We Don’t Have Time to Take Our Time
20 years ago, fossil fuels accounted for 87 percent of total consumption. In 2022, it is still 83 percent. Canadian energy professor and author Vaclav Smil never tires of pointing out this reality. Which is why he asks himself: “How are we supposed to get to zero within the next 30 years?” This is the crucial question with regard to the ambitious net zero targets. According to Smil, we should not spread calculated optimism nor succumb to apocalyptic pessimism.
But the pace of this transition should be picked up, especially in light of advancing climate change. This is because global warming depends on our carbon emissions, 85 to 90 percent of which still come from burning fossil fuels. A rise of global temperatures of more than 2 °C would already have devastating consequences: food insecurity, water scarcity, poverty, extreme weather events or effects on human health. However, the transition to a sustainable energy system will be very challenging, as a much bigger change is required than the planned policy currently envisages.
Are Subsidies Slowing the Energy Transition Down?
63 percent of the G20’s public energy financing from 2019 to 2020 went to fossil fuels. According to an analysis by the OECD and the International Energy Agency (IEA), subsidies even almost doubled in 2021. In 2022, the Group of Twenty most important industrialised countries also significantly increased their financing activities — Russia’s invasion of Ukraine has further exacerbated the situation in the short term.
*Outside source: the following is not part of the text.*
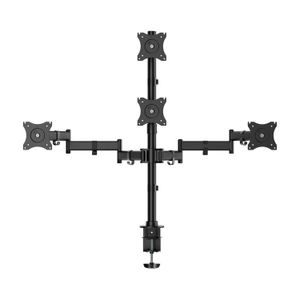 DT27TSR-379-Galeria-2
Despite recent progress in renewable energy sources, these subsidies are slowing down the pace of the energy transition.
Subsidies for fossil fuels almost doubled from 2021 to 2022.
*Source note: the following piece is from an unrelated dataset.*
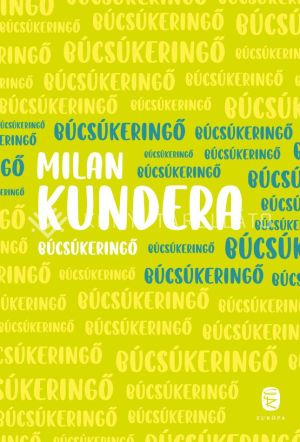 Kép: Búcsúkeringő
It Takes More than Just a Few Wind Turbines
Since the start of the war in Ukraine, the EU has generated more wind and solar power than ever before. The fact is: the price of solar power has fallen by 80 percent in the last 10 years. Solar energy reached the kind of low prices in 2020 that experts like Ramez Naam would not have expected before 2035. So it is becoming increasingly cheaper to build solar power plants than it is to build power plants that burn fossil fuels.
However, the solution will not lie in simply replacing everything we have so far generated with coal and gas with wind and solar power. The simplest explanation for this claim is the fact that our electricity demand will reach new dimensions in the future — for example, through heat generation or transport. In addition to political will and social acceptance, technical solutions such as Power-to-X, demand side management or smart grid are needed for energy storage, control and conversion. A more efficient use of the surplus power produced will be an indispensable requirement of the energy management of the future.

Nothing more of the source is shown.